There are almost as many cheeses in the world as there are cows, and if you’re limiting yourself to cheddar, Monterey jack and Parmesan cheese, you are missing out on some incredible flavors.
Paneer, queso fresco and halloumi are three cheeses loved by millions of people all over the world, and they all have one special property in common: they don’t melt. Paneer, queso fresco and halloumi cheese all soften when heated, but retain their shape and do not melt.
Ideal for hot dishes, grilling and cooking, these non-melting cheeses offer a universe of flavor for the intrepid home chef. You can find all of these cheeses in a specialty food store or ethnic supermarket. Introduce them to your kitchen to take your taste buds on a tour.
If you frequent Indian restaurants, you will recognize this fresh cheese (pictured above) from its popular appearance in saag paneer – a spinach-based dish served with chunky cubes of paneer. Also called “farmer cheese” in South Asia, this curd cheese gets its tang from lemon juice or vinegar. Paneer is the least salty of these three ethnic cheeses, and is rarely eaten by itself. Paneer cheese can have different consistencies, from a dough-like snack to hard slices. Paneer can also be battered and deep fried for a decadent treat. Try paneer drizzled with olive oil and served with slices of fresh tomato and whole wheat crackers, add chunks to a salad, or grill and serve with hot potatoes.
Translated as “fresh cheese,” queso fresco is the creamy Latin version of non-melting cheese that’s made with a combination of goat and cow milk. You may also have heard of queso blanco (white cheese), which is a similar variety made only with cow’s milk. Both cheeses are soft, white and mild, and queso fresco is used extensively in cooking in the Iberian Peninsula and Latin America, especially Mexico. You’ll see it crumbled on top of enchiladas, tacos, salads, soups and anything else that needs a punch. Add queso fresco to the top of your eggs in the morning, try it on sandwiches and go wild on Mexican dishes like nachos, beans and burritos.

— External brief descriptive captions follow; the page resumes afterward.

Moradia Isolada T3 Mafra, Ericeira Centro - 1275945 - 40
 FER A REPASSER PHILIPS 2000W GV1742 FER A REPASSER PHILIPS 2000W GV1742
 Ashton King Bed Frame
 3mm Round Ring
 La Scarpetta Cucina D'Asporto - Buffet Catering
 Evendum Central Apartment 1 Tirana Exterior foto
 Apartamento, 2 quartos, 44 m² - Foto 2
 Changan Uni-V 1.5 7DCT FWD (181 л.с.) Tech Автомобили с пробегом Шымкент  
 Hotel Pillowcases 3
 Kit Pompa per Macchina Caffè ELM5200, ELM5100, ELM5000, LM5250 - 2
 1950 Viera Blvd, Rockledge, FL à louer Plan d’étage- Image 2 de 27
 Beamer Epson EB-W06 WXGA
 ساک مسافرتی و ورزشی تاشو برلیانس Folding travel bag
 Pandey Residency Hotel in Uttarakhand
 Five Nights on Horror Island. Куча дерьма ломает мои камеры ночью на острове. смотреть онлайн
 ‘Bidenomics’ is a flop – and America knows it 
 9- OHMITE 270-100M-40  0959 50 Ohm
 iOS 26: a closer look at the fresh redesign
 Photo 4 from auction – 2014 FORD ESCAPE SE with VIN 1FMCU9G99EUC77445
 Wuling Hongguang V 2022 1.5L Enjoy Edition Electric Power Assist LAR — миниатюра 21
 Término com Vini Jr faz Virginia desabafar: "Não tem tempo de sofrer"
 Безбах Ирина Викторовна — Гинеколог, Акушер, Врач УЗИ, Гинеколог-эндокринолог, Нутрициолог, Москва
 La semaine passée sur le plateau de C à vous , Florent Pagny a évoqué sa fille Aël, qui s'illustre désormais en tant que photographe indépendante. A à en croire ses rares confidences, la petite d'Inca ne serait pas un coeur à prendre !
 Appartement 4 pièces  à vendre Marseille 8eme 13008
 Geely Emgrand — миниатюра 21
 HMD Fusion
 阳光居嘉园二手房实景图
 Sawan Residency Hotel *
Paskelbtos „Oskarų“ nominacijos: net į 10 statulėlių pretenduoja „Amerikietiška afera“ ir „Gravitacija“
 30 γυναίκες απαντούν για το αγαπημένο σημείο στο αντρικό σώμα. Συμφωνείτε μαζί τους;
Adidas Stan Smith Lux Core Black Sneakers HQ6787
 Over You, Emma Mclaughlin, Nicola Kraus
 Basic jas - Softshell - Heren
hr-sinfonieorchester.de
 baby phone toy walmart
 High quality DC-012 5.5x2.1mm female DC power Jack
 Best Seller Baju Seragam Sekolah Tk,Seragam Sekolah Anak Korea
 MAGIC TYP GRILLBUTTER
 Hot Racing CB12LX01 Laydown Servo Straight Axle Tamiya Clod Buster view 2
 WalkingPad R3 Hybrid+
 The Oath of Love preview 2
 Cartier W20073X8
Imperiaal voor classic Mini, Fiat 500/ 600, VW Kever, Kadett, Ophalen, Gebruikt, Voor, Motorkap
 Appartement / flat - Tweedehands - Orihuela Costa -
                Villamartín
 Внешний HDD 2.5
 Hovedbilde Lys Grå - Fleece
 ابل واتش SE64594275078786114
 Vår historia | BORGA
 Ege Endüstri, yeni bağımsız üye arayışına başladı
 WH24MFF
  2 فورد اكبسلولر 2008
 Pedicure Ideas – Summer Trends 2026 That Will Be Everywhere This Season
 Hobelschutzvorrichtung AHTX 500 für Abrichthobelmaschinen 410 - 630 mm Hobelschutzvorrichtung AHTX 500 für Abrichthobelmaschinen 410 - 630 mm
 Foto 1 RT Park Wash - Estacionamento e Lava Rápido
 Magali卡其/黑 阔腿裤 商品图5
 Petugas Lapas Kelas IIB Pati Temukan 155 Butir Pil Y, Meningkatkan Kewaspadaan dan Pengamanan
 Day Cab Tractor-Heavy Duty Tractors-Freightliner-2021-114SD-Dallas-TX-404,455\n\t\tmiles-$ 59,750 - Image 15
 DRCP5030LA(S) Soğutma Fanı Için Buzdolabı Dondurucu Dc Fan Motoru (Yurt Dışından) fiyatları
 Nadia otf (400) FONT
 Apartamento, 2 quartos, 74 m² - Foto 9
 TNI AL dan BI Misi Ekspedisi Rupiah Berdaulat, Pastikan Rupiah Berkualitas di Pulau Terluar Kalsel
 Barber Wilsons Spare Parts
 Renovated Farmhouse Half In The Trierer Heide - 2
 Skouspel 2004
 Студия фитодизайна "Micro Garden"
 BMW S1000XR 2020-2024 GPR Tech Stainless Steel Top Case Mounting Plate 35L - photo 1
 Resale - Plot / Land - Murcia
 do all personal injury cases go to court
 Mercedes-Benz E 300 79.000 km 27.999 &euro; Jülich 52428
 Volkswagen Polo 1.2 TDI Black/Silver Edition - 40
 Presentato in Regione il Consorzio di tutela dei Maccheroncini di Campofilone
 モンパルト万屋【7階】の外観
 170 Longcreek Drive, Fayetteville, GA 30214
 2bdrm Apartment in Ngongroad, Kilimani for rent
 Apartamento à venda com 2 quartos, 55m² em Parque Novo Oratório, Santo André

Also called “squeaky cheese” for its unique bite, halloumi is a dense Greek cheese that's distantly related to feta. Originally produced from sheep’s milk on the island of Cyprus, today halloumi is usually made from a blend of sheep, goat and cow milk. A salty cheese with a tang, halloumi is used most often on the grill – in fact, you can throw it directly on the heat just like they do all over the Middle East and Mediterranean. Serve it up slab-style with crackers and vegetables alongside, or pan fry a slice and eat with a salad of dates, toasted walnuts and arugula. You can also cube halloumi and thread onto skewers with hunks of meat for tasty grilled cheese shish kabobs.